Before I begin ladling out the deserved praise, allow me to lodge a minor kvetch at the complaint department.
To wit, the title of Tricia Romano’s scrappy, compendious oral history of The Village Voice—The Freaks Came Out to Write—does the book a disservice. A play on the Whodini song “Freaks Come Out at Night,” The Freaks Came Out to Write scans but misleads, evoking an image of mutant hippies tumbling out of a decal’d Volkswagen bus in a giant puff of pot smoke, or an invasion of mole people.
But The Village Voice shared almost nothing in common with the Berkeley Barb or the other underground rags in their venereal splendor. It was not an offspring of 60s counterculture, soaked in psychedelia and sporting Che Guevara berets. It began earlier, sprouting through the cracks in the crumbling sidewalk, and attracted the sort of hardworking, crusading, nicotine-stained, neurotic recruits who once made New York great.
It Takes a Village
The first issue of The Village Voice flapped into being in 1955, the same year that William F. Buckley Jr. brought forth upon this continent the conservative National Review (signaling the cultural and political divide that would sharpen ahead). The Village Voice was founded by two men who had served during World War II—Daniel Wolf and the future psychoanalyst Edwin Fancher—with their friend and fellow war veteran Norman Mailer lending a little swash and buckle to the start-up as a modest investor and immodest columnist.
In the foreword to The Village Voice Reader (1963), Wolf declared that the paper appeared in response to the shoulder-hunching conformity of the Cold War and McCarthyism and the milquetoast mewings of the intellectual elite. “The best minds in America—radical and conservative—were repeating themselves,” Wolf wrote. “Up and down the countryside the elect of the Ivy League had taken flight into the reality of the conventional church, the community organization, the lawn mower.”
This impatience with the bland platitudes of prosperity, conformity, psychoanalysis, and suburban lawn care produced a newspaper resistant to mush from all sides and committed to hard-smacking personal expression and slangy vernacular over the lofty lighthouse views and embalmed prose of slick magazines, highbrow quarterlies, and, most of all, The New York Times, then at the height of its ecclesiastical sonority.

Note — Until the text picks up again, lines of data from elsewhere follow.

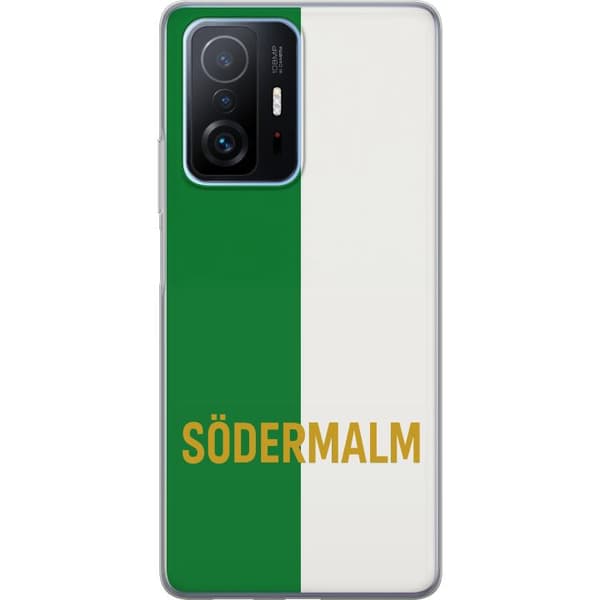 Xiaomi 11T Pro Gjennomsiktig deksel Södermalm - fotball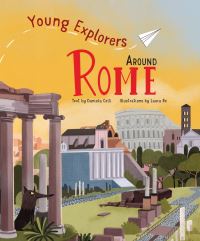 Book Cover for Around Rome by Daniela Celli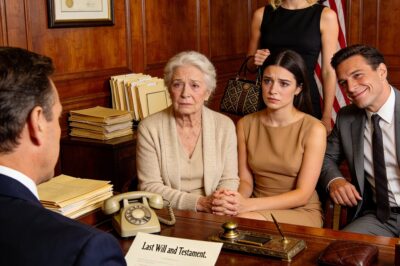 “I walked into the notary’s office already knowing exactly who would be waiting inside.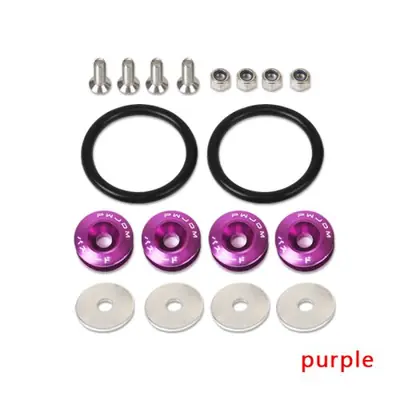 Image de Attaches Rapides JDM pour Pare-Chocs et Coffre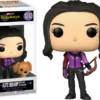 Hawkeye: Kate Bishop W/ Lucky The Pizza Dog Funko Pop! Vinyl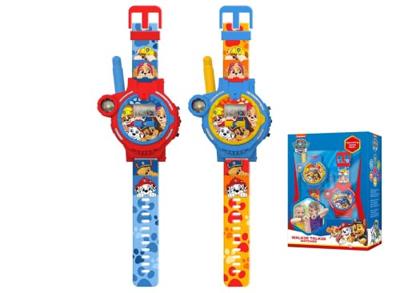 Paw Patrol WALKIE Talkie 2-in-1 horloge - KINDERLICENTIE - PW19911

“The best minds in America—radical and conservative—were repeating themselves. Up and down the countryside the elect of the Ivy League had taken flight into the reality of the conventional church, the community organization, the lawn mower.”
In what began as a local coffeehouse of first-person journalism, certain Village Voice features became reader favorites: Jules Feiffer’s cartoons of black leotard dancers in ponytails and jittery liberals twitchy with status anxiety, the artful vignettes of Bill Manville’s Saloon Society column (which read like downtown’s answer to The New Yorker’s Long-Winded Lady), John Wilcock’s Village Square column, Jerry Tallmer’s theater reviews, and guest-star drop-ins from the likes of Kenneth Tynan, TV’s Steve Allen, composer John Cage, and the eternal butterfly of love Anaïs Nin.

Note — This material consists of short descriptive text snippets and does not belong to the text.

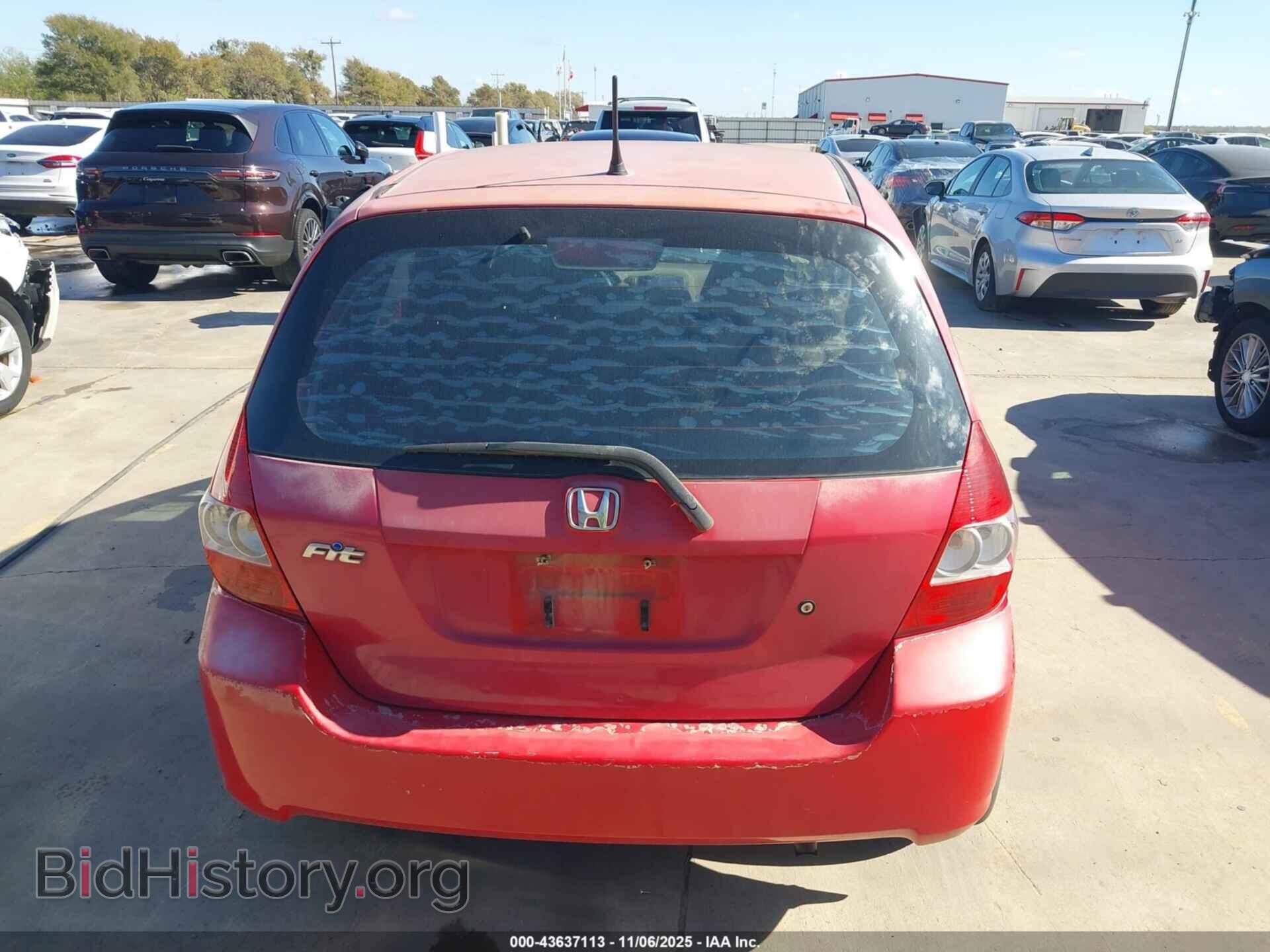 2008 HONDA FIT - VIN: JHMGD37478S001562 - Фото 16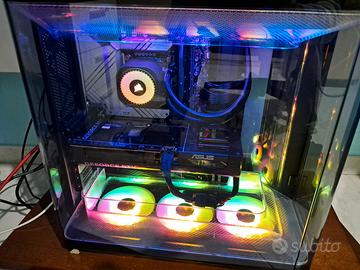 WORKSTATION GAMING i9-14900K + RTX 5070 ASUS PRIME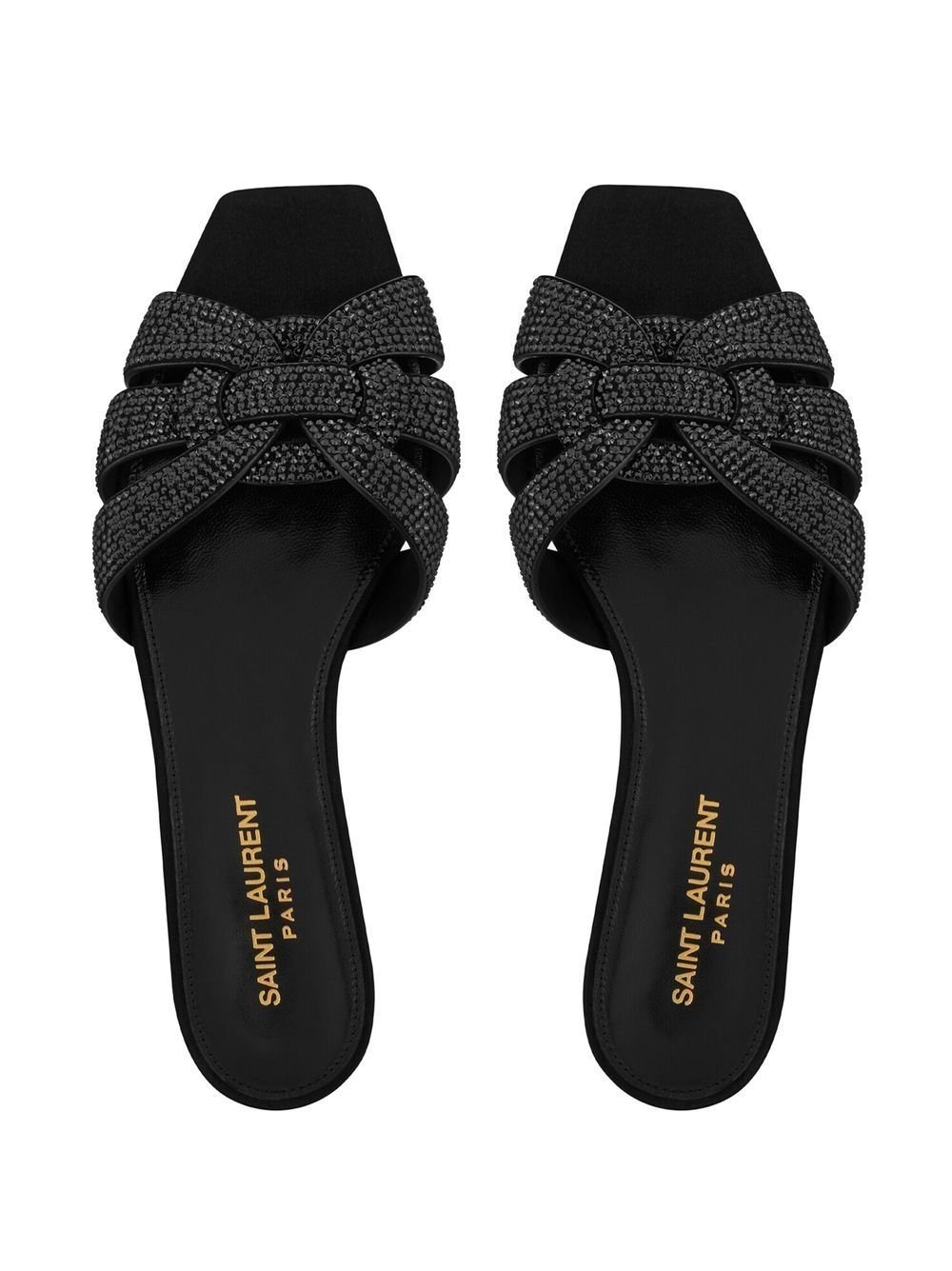 S – Flat tribute sandals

For better or worse, it was Mailer who infused The Village Voice with a fighting attitude that punched above its weight. Mailer, then at a tense juncture in his writing life, besieged by suspicions that he had squandered the success and promise of The Naked and the Dead and was sinking into the middle ranks, used his column in The Village Voice to recharge his batteries and épater la hip bourgeoisie. He nominated Ernest Hemingway for president. He memorably trashed the groundbreaking Waiting for Godot without having seen it, then recanted after he did, his then wife informing him in the cab ride home, “Baby, you fucked up.”
It was Mailer’s presence in the smudgy pages that signaled that The Village Voice wasn’t merely the town crier of Greenwich Village but had national bullhorn potential. He soon left the paper because of its bedeviling typos and because he considered it too tame for his radical appetites, but his relationship with Village Voice readers would define the feedback loop of the enterprise.

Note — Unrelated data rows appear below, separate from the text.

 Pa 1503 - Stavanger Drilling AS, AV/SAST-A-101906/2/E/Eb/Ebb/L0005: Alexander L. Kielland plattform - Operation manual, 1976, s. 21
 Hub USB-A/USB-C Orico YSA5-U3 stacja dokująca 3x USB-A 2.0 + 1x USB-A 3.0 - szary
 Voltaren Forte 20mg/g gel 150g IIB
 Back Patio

Thumbing his nose at them by titling his column Quickly: A Column for Slow Readers, he got on their nerves, they got on his, and the heckling from the wise guys in bleachers made the Village Voice Letters section the liveliest and wittiest weekly gripe session in journalism, and proof that there was so much untapped talent in the amateur ranks that just needed a place to turn pro. The Village Voice would become that place. (It was a letter of recommendation from Mailer to editor Dan Wolf that helped me get my big head through the door.)
For better or worse, it was Norman Mailer who infused The Village Voice with a fighting attitude that punched above its weight.
An oral biography of an institution is far more daunting than one of an individual because the cast list is far larger, extending over decades, and there isn’t a central figure—an Edie Sedgwick, a Truman Capote, a George Plimpton—to provide the magnetic focus. Romano does an impressive job of keeping this Tower of Babel from wobbling too much, preserving the testimonies of a huge host of writers, editors, photographers, staffers, and bystanders sassing and contradicting each other, sharing fond memories while others gnaw on old grudges with beaver gusto.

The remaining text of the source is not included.